* RECORDED DATA
☆ ☆ ☆ ☆
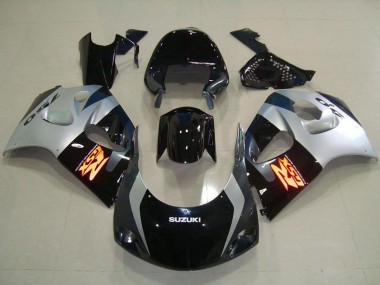 Preisgünstige Suzuki GSXR 750 Abs Motorrad Verkleidungen 1996-2000 - Glanzendes Schwarz Silber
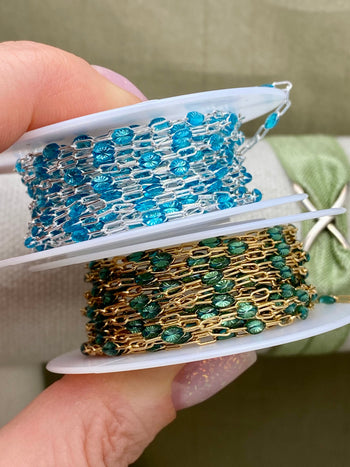 Aqua Teal Blue Green Enamel Chain - Sunburst - E15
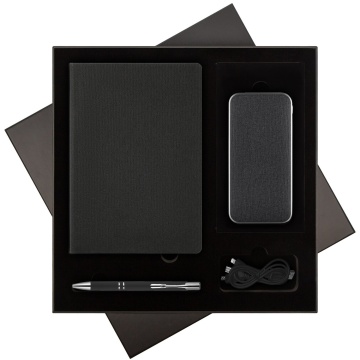 Portobello Подарочный набор Tweed, черный (ежедневник, ручка, аккумулятор) с логотипом на заказ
☆ ☆ ☆ ☆
* YOUR OBJECTIVE
Retype the listing above exactly, pictures excluded.

* RESULT BELOW
 Preisgünstige Suzuki GSXR 750 Abs Motorrad Verkleidungen 1996-2000 - Glanzendes Schwarz Silber
 Aqua Teal Blue Green Enamel Chain - Sunburst - E15
 Portobello Подарочный набор Tweed, черный (ежедневник, ручка, аккумулятор) с логотипом на заказ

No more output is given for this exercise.